🕹️ New release: Lunar Lander Beyond

A Mind Forever Voyaging

aka: A Mind Forever Voyaging - a science fiction story, AMFV, PRISM, Steve Meretzky’s Interiors
Moby ID: 94

DOS version

The game that defines the concept of adventure gaming.

The Good
What is the adventure gaming about? What is the underlying principle that should be present in all the adventure games without any exception? Inventory puzzles, myst-like puzzles, point’n’click interface, branched dialogue trees? No. The answer to these questions is deceptively simple. Exploration and interaction. If you’re given ability to explore the virtual surrounding and interact with it on many levels, than it’s an adventure game. If not, then it’s something else, probably a F22 flight simulator. What I’m trying to say is that adventure game isn’t about puzzles at all. Puzzle in an adventure game is just a necessary evil, designed to make up for the lack of challenge otherwise. That actually became one of the reasons of unfortunate demise of adventure genre in the late nineties. The issue has been addressed many times since. Fahrenheit, Shenmue, Dreamfall, Gabriel Knight 3 all of these games offered their versions of puzzle-less adventure game with a variable success. But the answer has been already given a long time ago, back in 1985. In the form of the game called A Mind Forever Voyaging.
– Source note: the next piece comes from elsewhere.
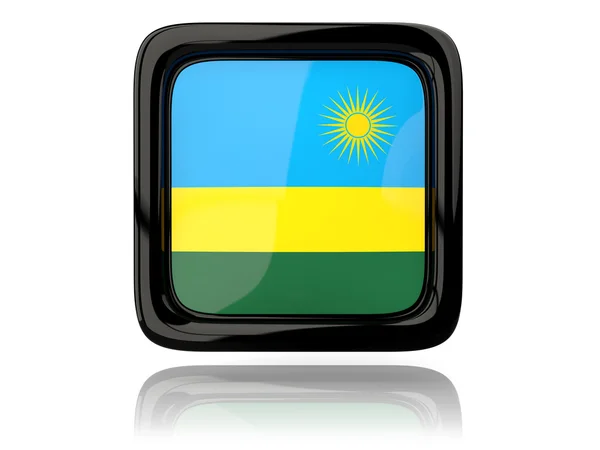Icono cuadrado con bandera de Ruanda — Foto de Stock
Here’s a little story background for those unfamiliar with the game. In the AMFV you take role of PRISM, a sentient computer capable of exploring virtual reality and reporting back to people maintaining it. It seems that in the world of near future the government has run into some problems with the country. Crime levels elevated, people lose their jobs, all in all the usual kind of stuff. So government officials come up with something called - The Plan. A 20 years development plan that’ll let the country to overcome its difficulties and create a perfect society. Utopia? Maybe, that’s why you’re here. Scientists have recreated a generic American town inside a computer and applied The Plan to its development course. Your task is to investigate what it’s like living in that town in 10 years from now, 20 years and so on. First you’re given list of things to do by the scientists – eat in the restaurant, buy food from the grocery store, take a subway ride etc. Then they leave it on your discretion. You’re alone is deciding what relevant or not, what will be help to the people of tomorrow or what will hurt them. As more of the time periods become available you’ll see that some things are not exactly what they seemed to be. Well that covers it up, now to the review itself.

Text adventures have always been in a way superior to their graphical counterpart. Whereas graphic adventures are always limited by the current technology level, text adventures are only limited by the power of player’s imagination. So creating big and immersive life-like reality is a task that only a text adventure is capable of, at least now in 2007. And AMFV uses that advantage to its fullest capacity. A handful of completely different towns (while staying essentially the same town but in different time periods) with a lot stuff to do, things to notice, events to experience, facts to investigate and without any restriction from developers is simply a joy. That kind of freedom makes you drunk. You can literally do whatever you want. I know that this kind of sentence has been applied too many times to different games, but it can’t be more truthful than in a case of AMFV. Here’s an example. You as a game character have a wife; you can visit her in the town you’re exploring in the first 10 or 20 years. And you will undoubtedly get really attached to her. So when you visit her sometime later it will really break your heart to see what’s happening to her. Damn! It’s so hard to explain without spoilering. What I mean is that you could not visit your wife at all, and still complete the game.  Now that is an adventure, experiencing things in a way you want them to experience in the context of the story and setting created by the developers

And what’s the most brilliant is that everything is so credible and realistic. You’re always in the game; you don’t go “OMG! What a blurry texture? How could they leave it in so otherwise quite a perfect game?” You don’t have to suspend your disbelief, because there is none. The graphic adventures unfortunately are still not capable of that kind of immersion.

The game is bundled (ah… those Infocom bundles) with a wonderful science fiction preface story that is so good, that I wonder why it hasn’t received a Hugo award or something. Be sure to read it before getting into the game. Heck! Read it even if you’re not going to play the game at all. It is a really fascinating read.



The Bad
Well the usual text adventures problems apply here as well. Tiresome interface, awful conversation system, lots of text (that’s unexpected) and so on. There’s actually one of the more common types of puzzle late in the game, but it’s only one and not that hard. Also I wish they would have done mode changing a trifle easier. It certainly eats a lot of time just to enter into a town reality.

The Bottom Line
Otherwise, a perfect a game! If the other video games were more like it, they could’ve achieved that art status they’re desperately seeking a long time ago. Undoubtedly AMFV is one of the best adventures up to date with hardly a single puzzle in it. If you’re going to play only one interactive fiction game in your lifetime, make sure it’s A Mind Forever Voyaging.